The nub of this windy essay is that while the Free Software movement has changed the world, its effect is largely "internal". It has been more about the developers and project founders who make software than the users of software.
That's because we frame things in terms of "rights". Despite the fact that all of us are now beneficiaries of Software Freedom, most people do not recognise the ideals undergirding the code that runs the world. We experience it only as packaged (Tivoised) proprietary produce much the way that consumers of processed food from supermarkets are disconnected from farmers.
I've recently read upsetting comments about the progress of Libre software as a social movement. Alexandre Oliva took some flack for his LibrePlanet 2024 talk. Though the response was clumsy and rude, the frustration expressed by people struggling to survive in techno-authoritarian regimes is not without merit and behoves reflection. As the crimes of mass surveillance and dehumanisation through technology grow, we seem at a loss to explain the failure of humans to steer digital technology, either by democracy or markets, and the failure of "rights and freedom" alone to offer a credible counter to our plight.
My suggestion is that we need to turn this around and re-frame the problem in terms of responsibilities. Rights always come with them. Technology already offers us so much freedom. Maybe too much? Squandering great opportunity for unity and peace we've mostly used it to spread hate and fear, and amuse ourselves to death. Shouldn't we examine this? If digital technology as a whole were a single program we would be furiously typing at the debugger by now.

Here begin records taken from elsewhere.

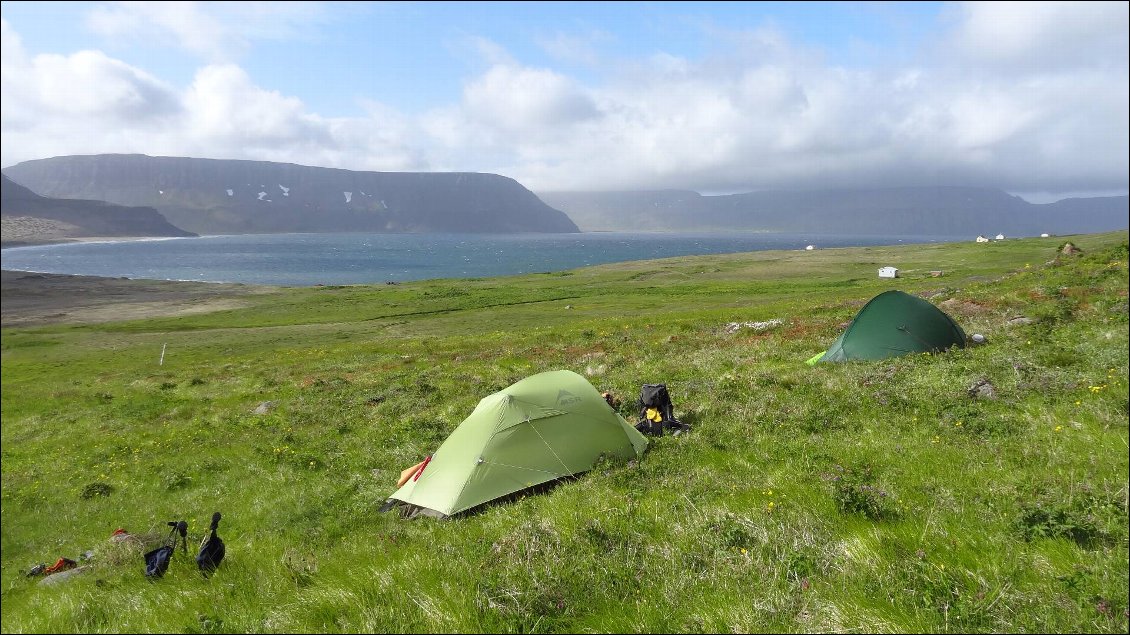 Bivouac dans le Hornstrandir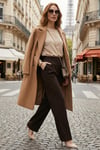 Regular Fit Yüksek Bel Düz Paça Kadın Pantolon 6923873 KAHVE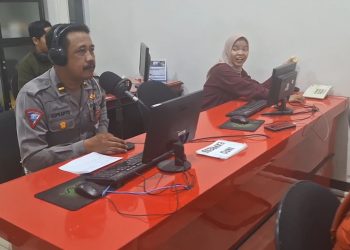 Sampaikan Imbauan Tertib Berlalu Lintas, Satlantas Polres Kediri Kota Gandeng Media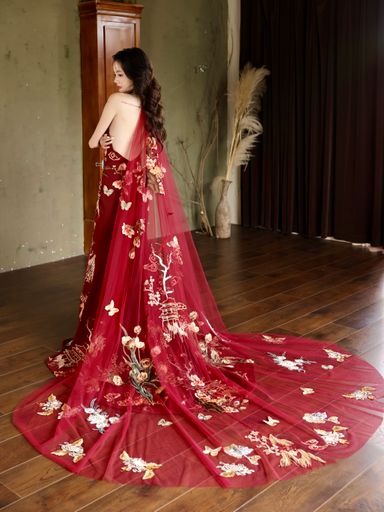 Folklore Cheongsam in Burgundy 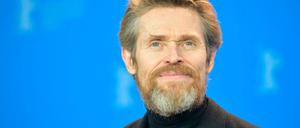 Der Schauspieler Willem Dafoe beim Berlinale-Presstermin.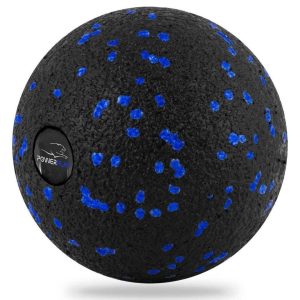 Набір м'ячів для масажу та йоги PowerPlay PP_4090 EPP (Комплект з 2 штук) Blue - Зображення 3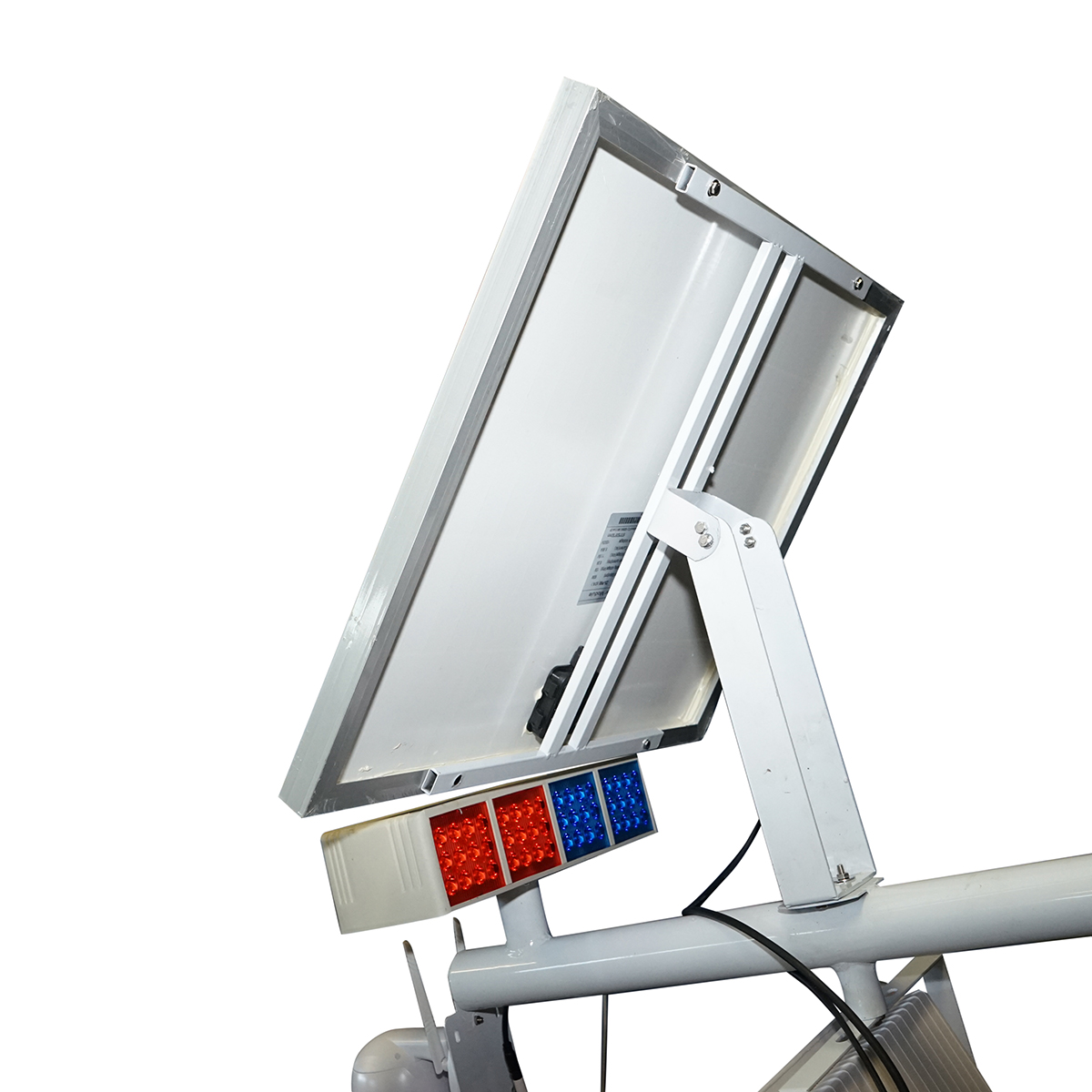 Lampa LED 300W cu panou solar 60W, baterie 14000mAh si camera supraveghere WIFI cu alarma Breckner Germany - imagine 7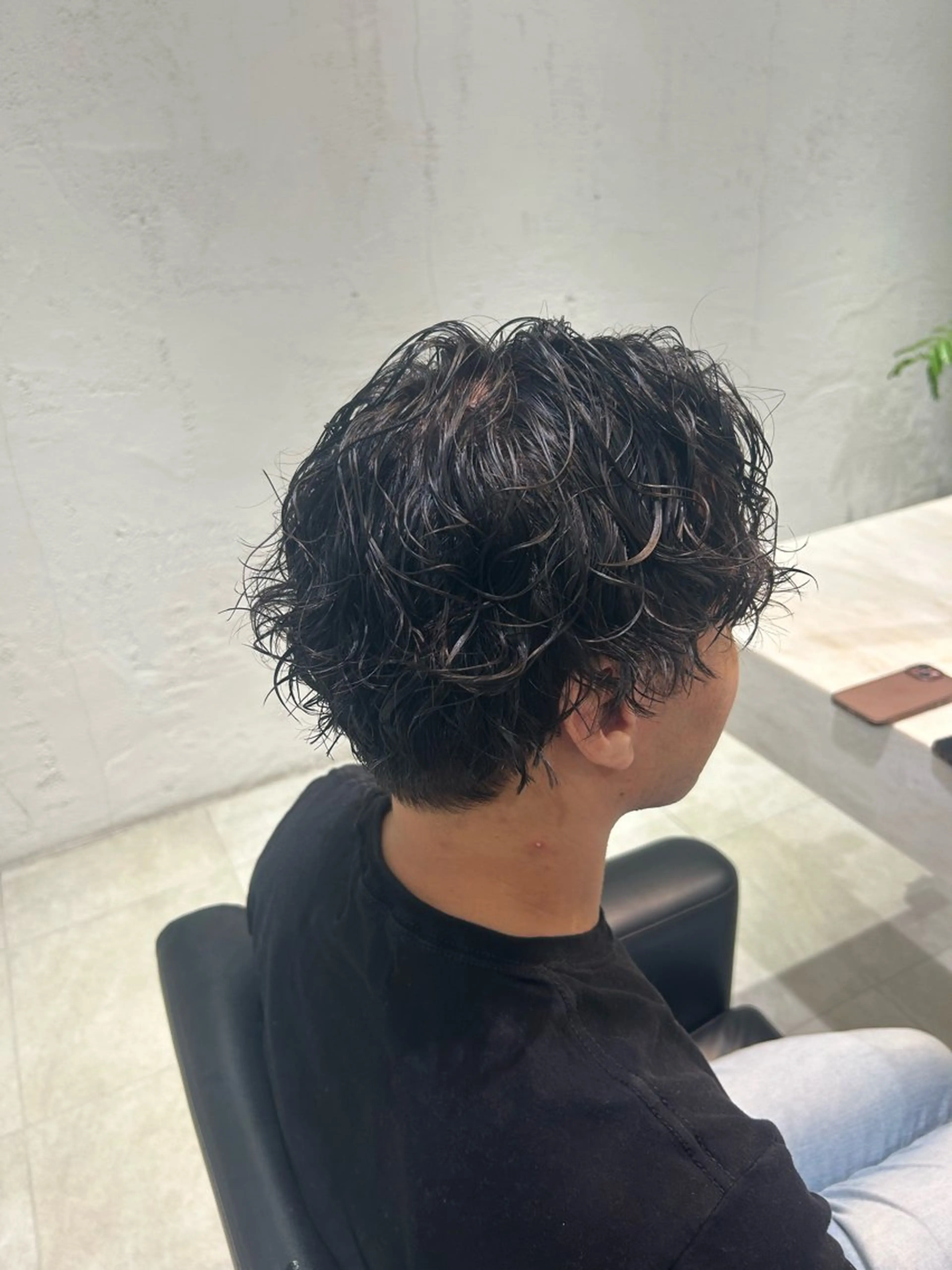 ミディアム パーマ メンズ カット パーマ 🦋Misaki🦋 メンズパーマ/着付けのヘアスタイル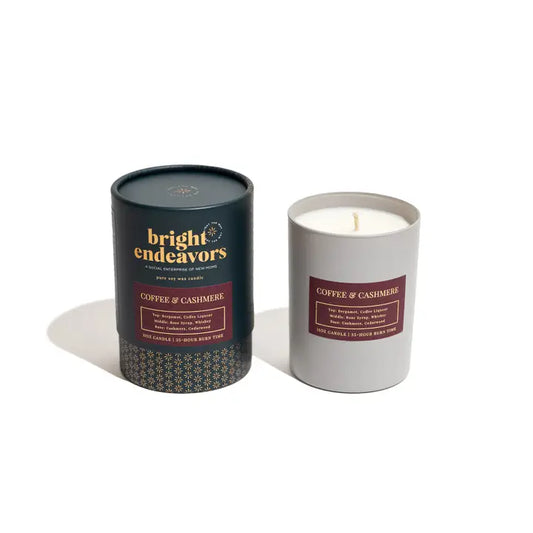 11oz Soy Candle - Coffee & Cashmere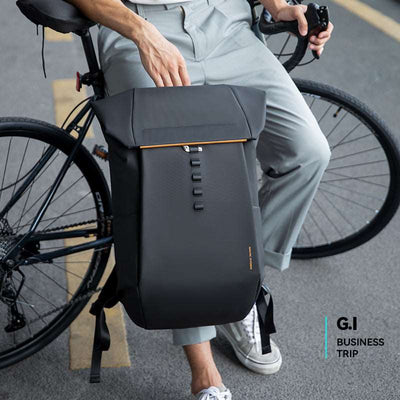 MARK RYDEN black 180° closure multi-functional backpack by bicycle for business trip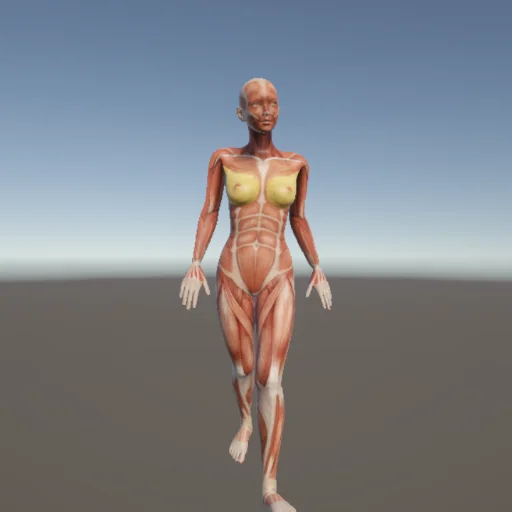 歩く94 — 3Dデッサン人形（無料ポーズ資料）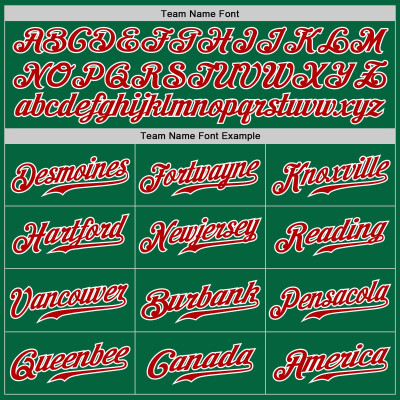 Custom Kelly Green White Pinstripe Red-White Authentic Baseball Jersey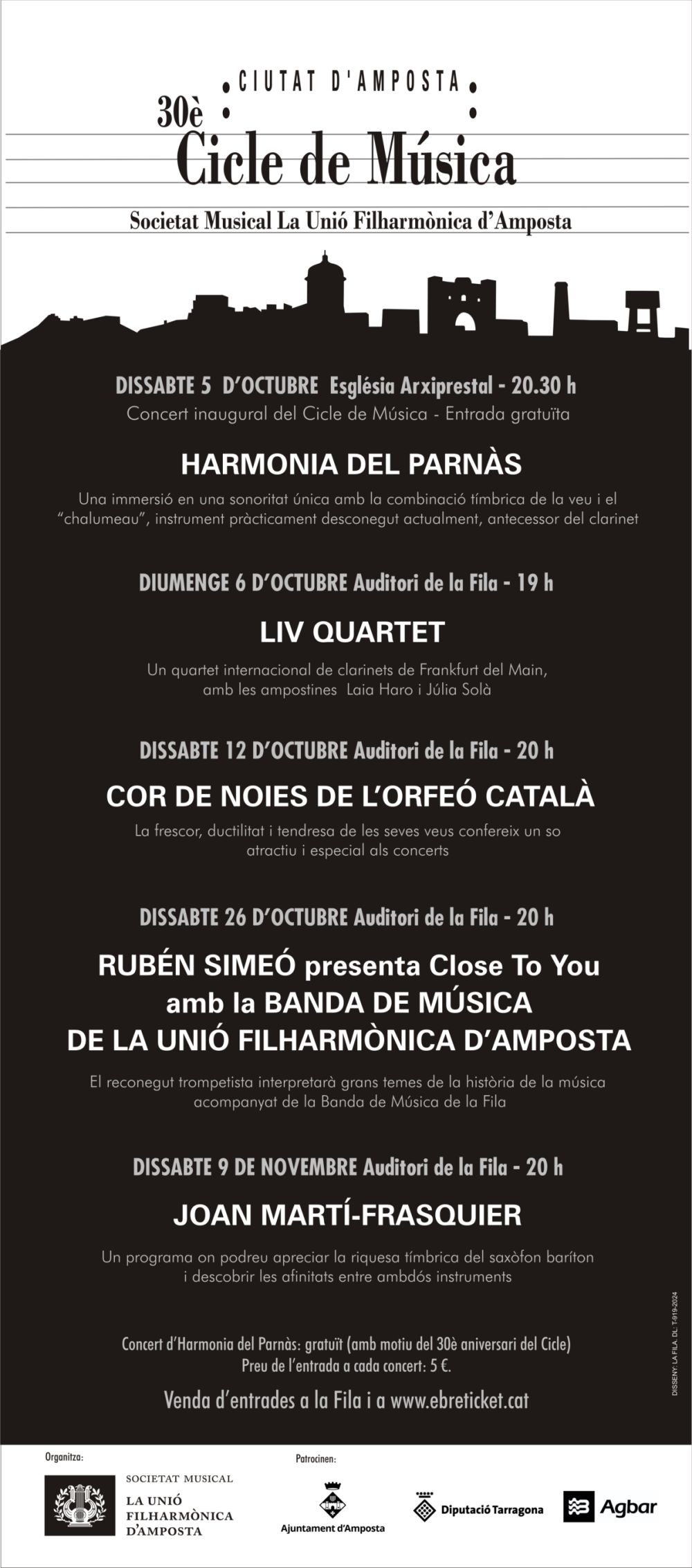 30� Cicle de M�sica Ciutat d�Amposta - Joan Mart�-Frasquier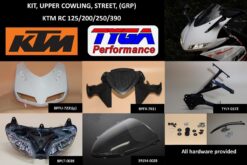 Kit upper cowling grp street, KTM RC125/200/390 -4527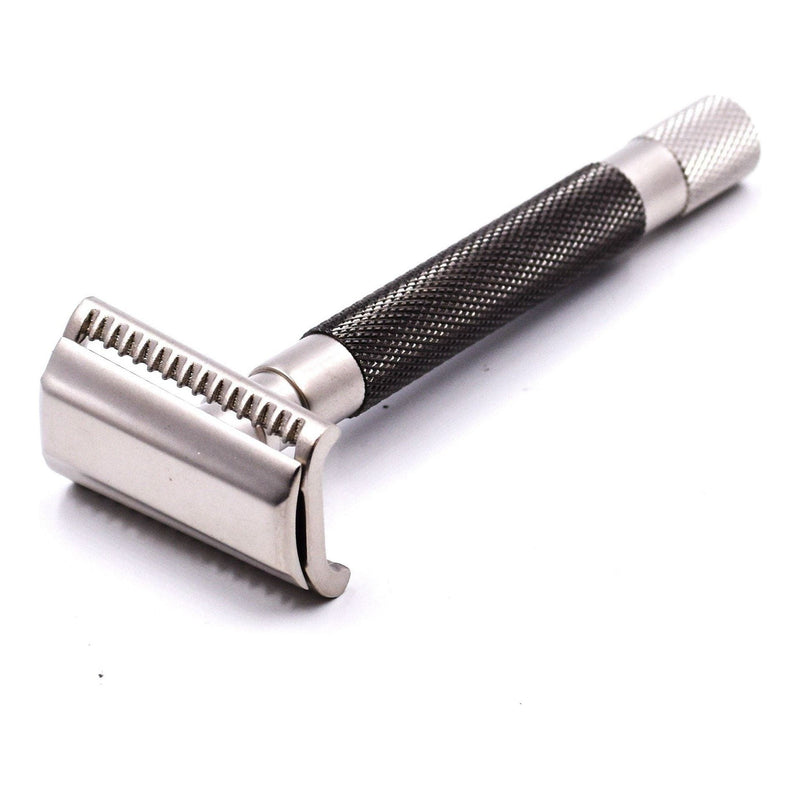 Parker Parker 55SL-GR Graphite Semi Slant 3 Piece Safety Razor Safety Razor Light Gray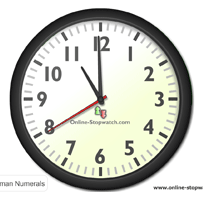 Online analog clock display app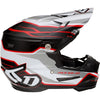 Casque de Motocross ATR-2 Phase Blanc/Rouge de gauche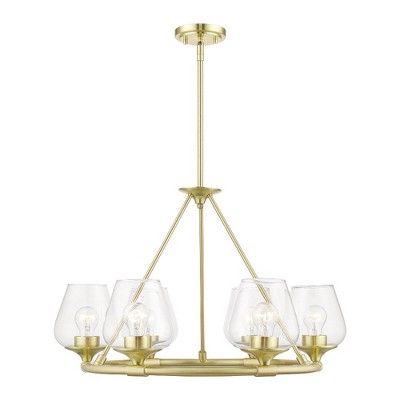 Livex Lighting Willow 6 - Light Chandelier in  Satin Brass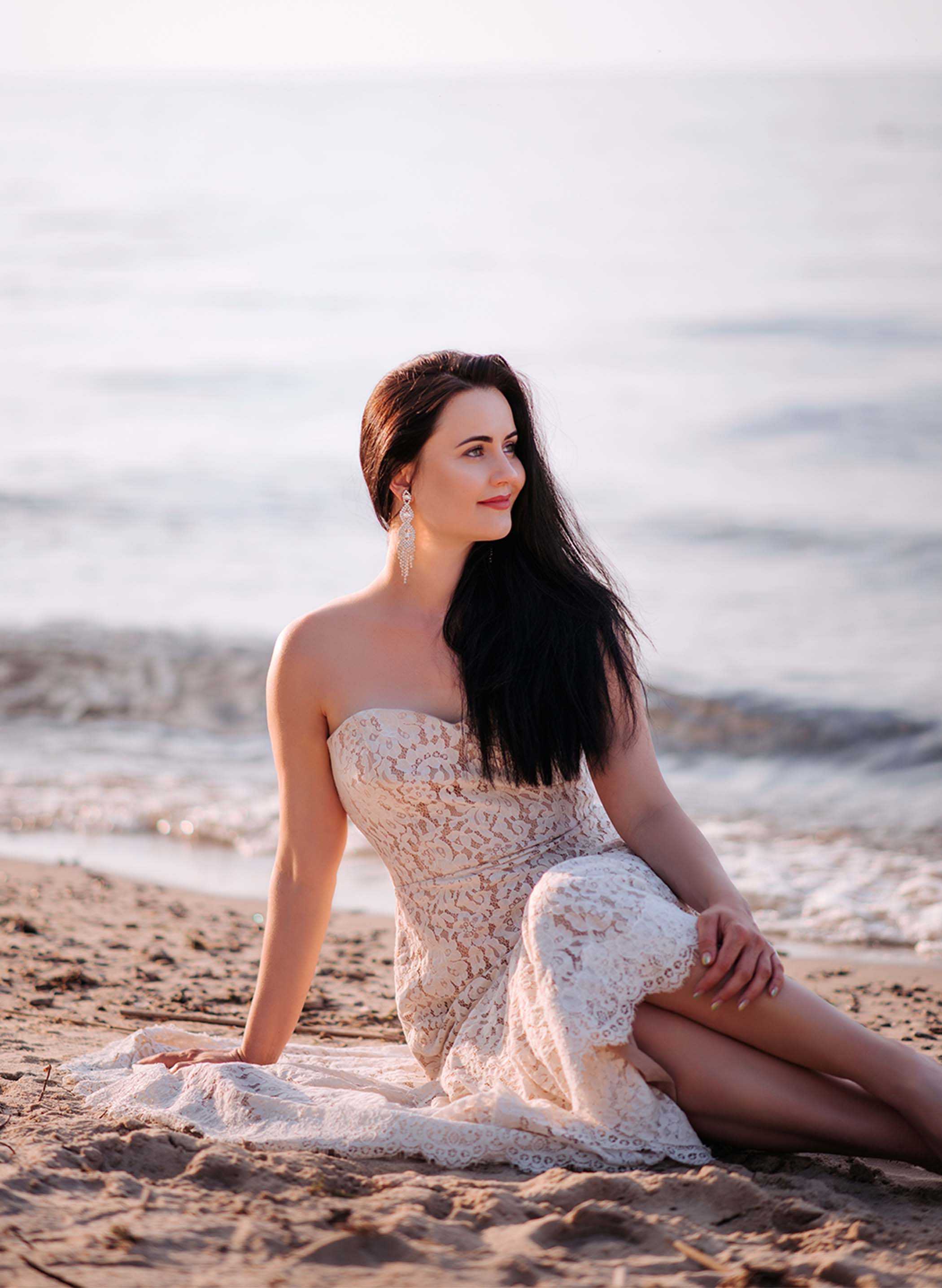 Julia on the beach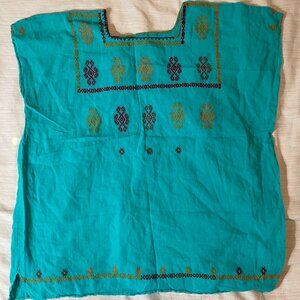 Huipil Shirt Handmade Size Medium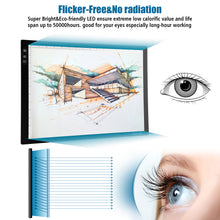 Load image into Gallery viewer, A3 Light Pad, IMAGE A3 LED Tracing Pad Ultra-Thin Drawing Pad Adjustable Brightness, USB Powered with Physical Buttons, A3 LED Light Pad for Diamond Painting, Sketching, Animation, Stenciling and X-ray Viewing
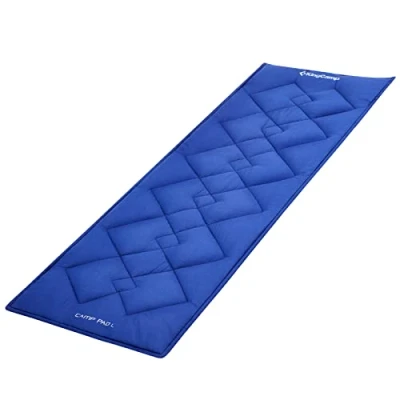 Abbildung von KingCamp Feldbettauflage 100% Baumwolle Schlafmatte Reisedecke für Campingbett Feldbett Gartenliege Sonnenliege 203 x 76 cm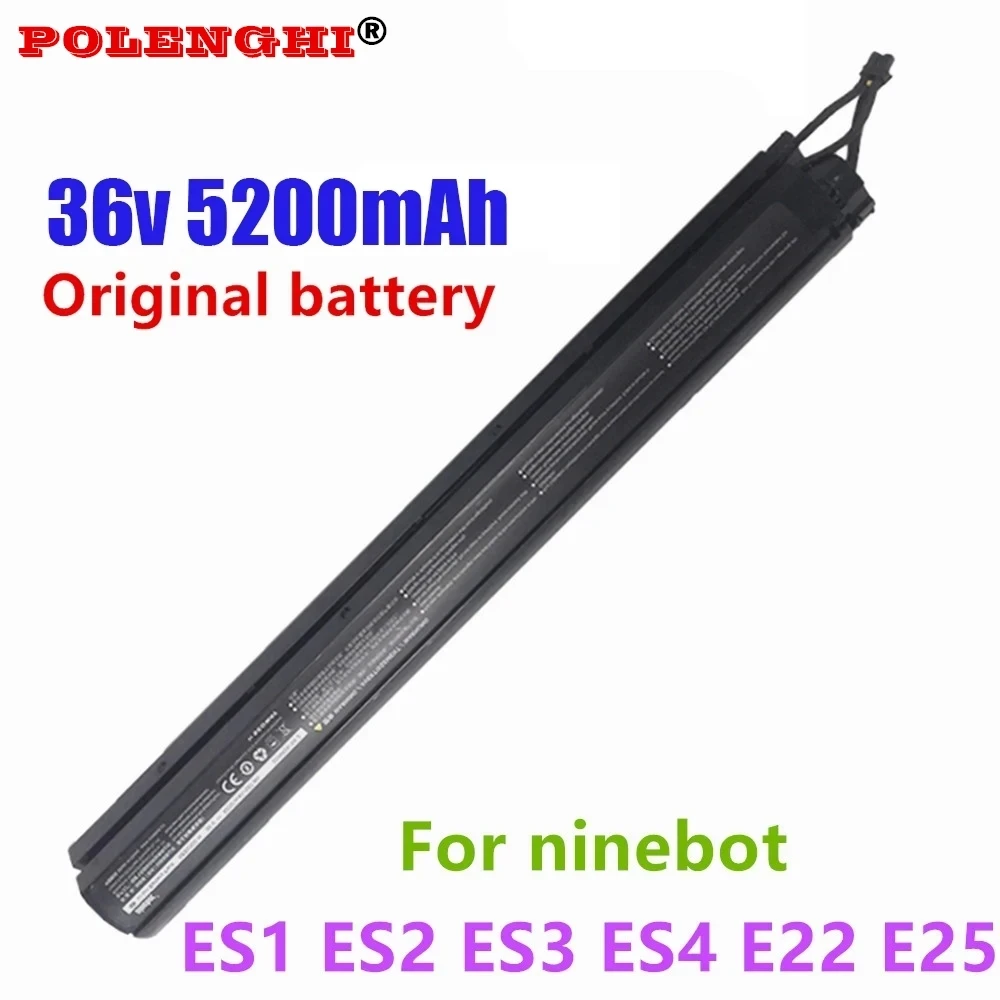 

Original 5200mAh 36v Scooter Battery 36v Ninebot Scooter Battery ES1 ES2 ES3 ES4 E22 E25 Camping Rechargeable Power Bank Parts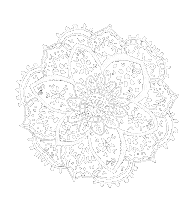 Mandala Courtney Sticker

Next we want to use it to kill art and culture in the name of "efficiency" and in vainglory of our golden calf of the week, "AI". Libre software (and any connected movement for digital rights) is thus drunk on the same wine as Capitalism. But what is wrong with Capitalism, tree of all the fruits we relish?
Someone recently asked me, "am I anti-capitalist?". With serious and sincere thought I had to say "No. I'm just anti-asshole". With further reflection it's not even that, since my friends who would happily call themselves Capitalists are anything but. So I go back to what I think is the most incisive comment I've ever read about Capitalism since Marx, and it's by a psychologist and psychotherapist Adam Phillips, who says:
"Capitalism is for children"
I hope we are able to read that in a non-threatening and non-judgemental way just for a moment. For children?
Having children really changes your perspective on life. You get to see, rather than experience, the transition from helplessness to earned security and self-dependency. Becoming "responsible" rather than being a jangling bag of nerves, confused and dependent, with no patience or situational awareness of time or space, is an epic milestone. Some of us take longer to get there. Not all of us get there.
We find, perhaps not by accident, that the kind of technology capitalism begets and the influence of that technology on culture, does feel a little bit like that of a child. As climate change is forcing us to confront that and rapidly grow-up with respect to energy tech, I think smartphones, AI and social media are similarly provoking a crisis of maturity around communications technology.
Thinking about our responsibilities is an escape from the frustration of childhood. We have to face, viz Sartre, the burden of condemnation to be free. Free to make anything and everything we like of digital technology, including all that we mustn't. Or in Snowden's words, "Just because we can, doesn't mean we should". Peter-Pan Capitalism, and its lust for ubiquity, immediacy, omnipresence, omnipotence, omniscience, absolute safety and unqualified freedom, will not serve us in navigating a world we've furnished with adult technology like atom bombs, AI and mind control networks.
And since digital technology is built by we the people a more mature relation with it might also adjust our relation to needs and resources, government, intelligence, the law, police, health, education, religion and all the other things we need other than a facsimile of social-connection and entertainment.
For those opposing tyranny and ignorance it may provide us with weapons we had never dreamed of in the fight against corrupt and lazy creeds like "surveillance capitalism" which trades in our dignity, and corporate "enshitification" that preys on our gullibility.